- [Task to complete]:
Below are the entries. Transcribe exactly the lines from the one with "This is the" through the one with "Another problem is", ends included, and leave out all others.

- [Exercise materials]:

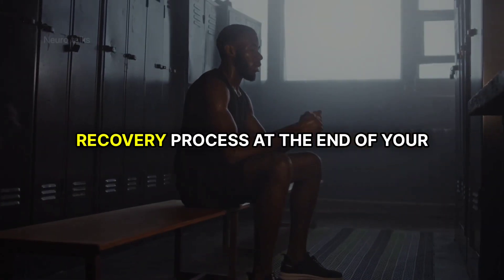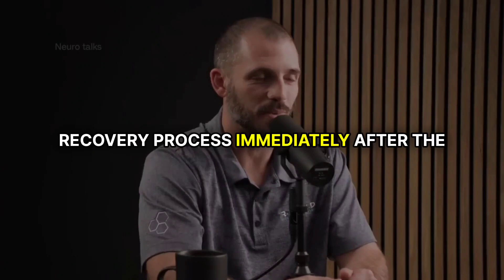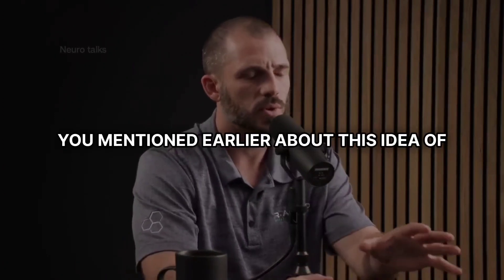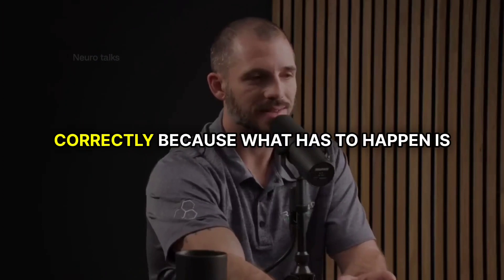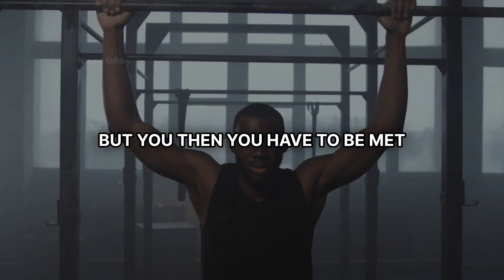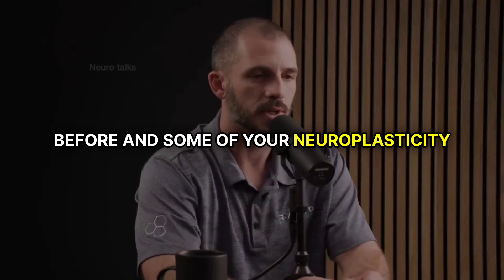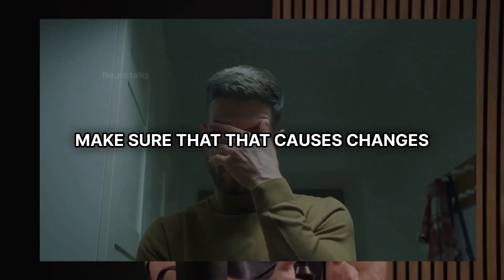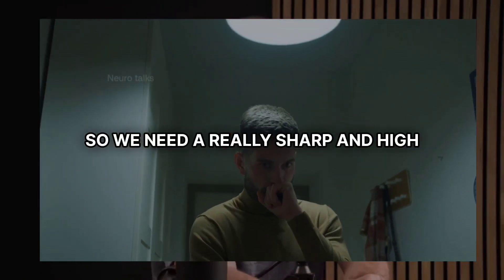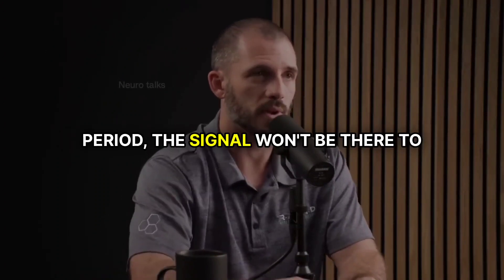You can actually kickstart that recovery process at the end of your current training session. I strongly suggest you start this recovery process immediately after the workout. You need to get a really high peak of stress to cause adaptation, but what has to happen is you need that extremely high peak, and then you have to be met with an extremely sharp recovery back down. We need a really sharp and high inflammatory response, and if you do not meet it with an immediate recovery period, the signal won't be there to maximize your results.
==
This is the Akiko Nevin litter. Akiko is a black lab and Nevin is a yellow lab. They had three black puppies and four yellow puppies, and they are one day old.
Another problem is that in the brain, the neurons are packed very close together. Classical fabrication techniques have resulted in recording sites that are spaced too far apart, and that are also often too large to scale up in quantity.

- [Problem solution]:
This is the Akiko Nevin litter. Akiko is a black lab and Nevin is a yellow lab. They had three black puppies and four yellow puppies, and they are one day old.
Another problem is that in the brain, the neurons are packed very close together. Classical fabrication techniques have resulted in recording sites that are spaced too far apart, and that are also often too large to scale up in quantity.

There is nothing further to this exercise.